Há modelos econômicos melhores e piores no que diz respeito aos danos ecológicos?

No momento em que falamos, tenho que dizer que o modelo econômico americano não parece ser o mais adequado. Por outro lado, somos uma democracia, com maus políticos, mas também bons – que denunciam os problemas que põem em risco o futuro. Numa ditadura comunista, por exemplo, isso seria impossível. Gosto do sistema capitalista porque ele pressupõe competição, inclusive de ideias. Mas aprecio também o papel do Estado em interferir no capitalismo, evitando os monopólios e enfrentando grupos cujos interesses vão de encontro aos da maioria da população. Em comparação, eu diria que o modelo europeu de capitalismo, mais socializado e comprometido com o bem comum, é atualmente a alternativa menos ruim.
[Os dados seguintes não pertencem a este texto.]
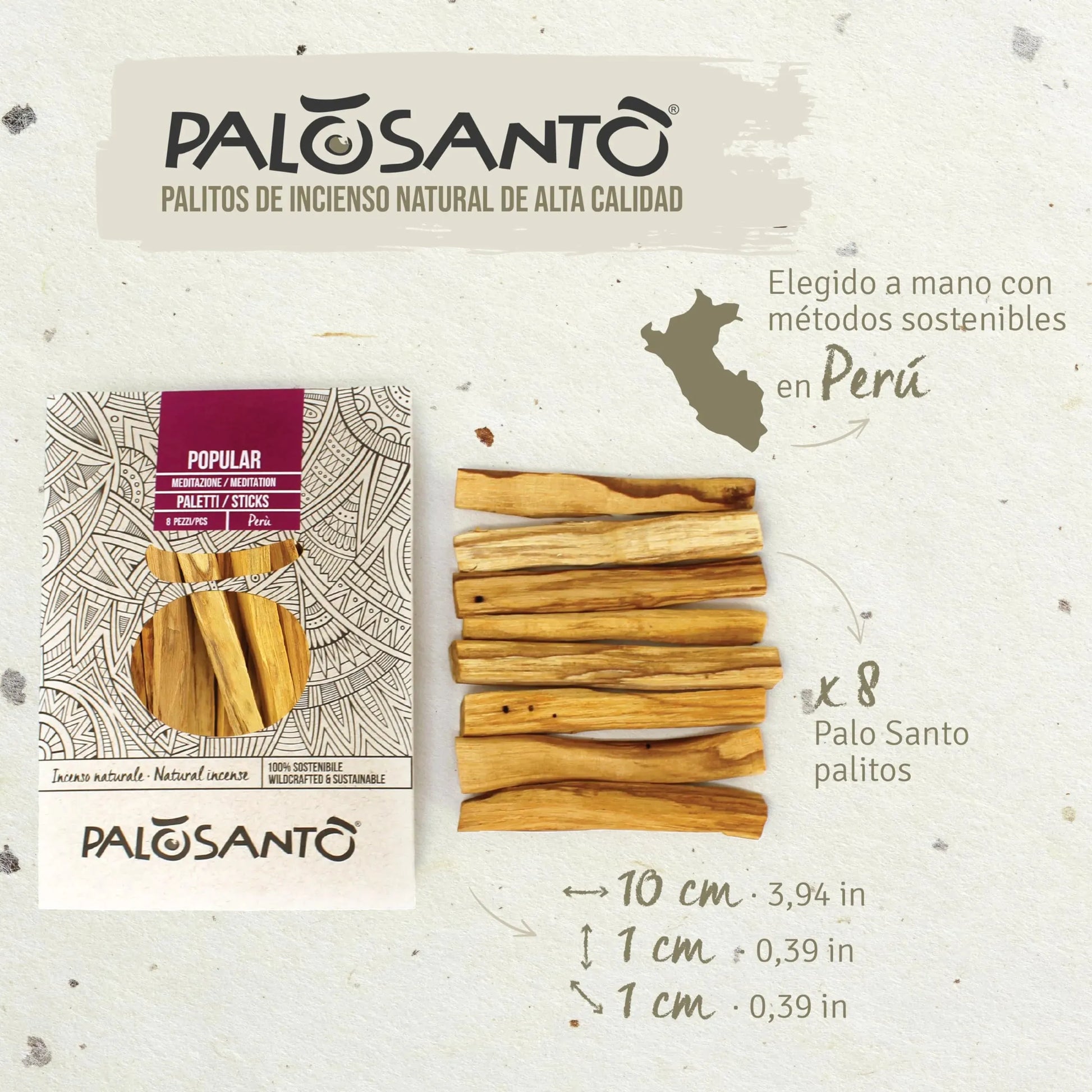 Palo Santo Incienso Natural Popular Ayabaca - 8 Palitos de Madera para Quemar - Palo Santo Limpieza Energetica Yoga Meditación Etico y Sostenible Casa PALOSANTO Casa, Incienso, PALOSANTO SacrificioShop sacrificioshop.com {{ shop.shopifyCountryName }} {{ shop.shopifyProvince }} B08GKSK9ST 9.99 Palo Santo Incienso Natural Popular Ayabaca - 8 Palitos de Madera para Quemar - Palo Santo Limpieza Energetica Yoga Meditación Etico y Sostenible - Default Title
Alguns cientistas afirmam que não se pode dizer ao certo que o aquecimento global seja culpa da ação do homem; pode ser parte de um ciclo natural da Terra.

Sabe a palavra inglesa rubbish? Significa lixo, mas é usada em linguagem coloquial em referência a ideias ridículas. O argumento de que as mudanças climáticas que estamos presenciando hoje sejam apenas naturais é simplesmente ridículo. Tanto como aquele que nega a evolução das espécies. As evidências de que tais mudanças se devem a causas humanas são irrefutáveis. Os anos mais quentes registrados em centenas de anos se concentram nos últimos cinco que passaram. O planeta já enfrentou flutuações de temperatura no passado, mas nunca nos padrões registrados hoje. Não conheço um único cientista respeitável que afirme que as atuais mudanças de clima não se devam à ação humana. É por isso que eu digo: rubbish.

Seis anos depois do lançamento de Colapso, o sr. está mais otimista ou pessimista em relação ao futuro de nossa civilização?

Diria que me mantenho mais ou menos no mesmo nível. Tenho visto coisas ruins piorarem e boas tornarem-se melhores. O que mais me preocupa é que continuamos vendo um aumento vertiginoso do consumo no mundo, seja nos EUA, na China, na Índia ou no Brasil. O que me anima é que cada vez mais pessoas reconhecem a gravidade da situação e estão tomando iniciativas. Uma metáfora que gosto de usar é a da corrida de cavalos. Há dois deles correndo agora, o cavalo da destruição e o cavalo das boas políticas. Nestes últimos seis anos, eu diria que os dois têm corrido cada vez mais rápido, disputando cabeça a cabeça. Não sei qual vencerá a corrida, mas diria que as chances do cavalo do bem vencer são de 51%, enquanto o das más políticas tem 49%. E, se nossa destruição não é certa, nem um destino inescapável, é preciso saber que se não tomarmos medidas urgentes vamos ter grandes problemas.

A indústria do entretenimento mostra, cada vez mais, imagens do fim do mundo, prédios em ruínas, cidades abandonadas. Por que somos tão fascinados por nossa destruição?

Parte disso se deve à força romântica das imagens de civilizações passadas que entraram em colapso, como as ruínas dos maias, incas e astecas. Ou os escombros das guerras no Iraque e no Irã. E pensamos: quem construiu aqueles templos e monumentos, tinha uma cultura e arte admiráveis, podia imaginar que isso aconteceria? Por que essas civilizações entraram em colapso, sem poder evitar? E nos angustiamos: será que isso também vai acontecer conosco?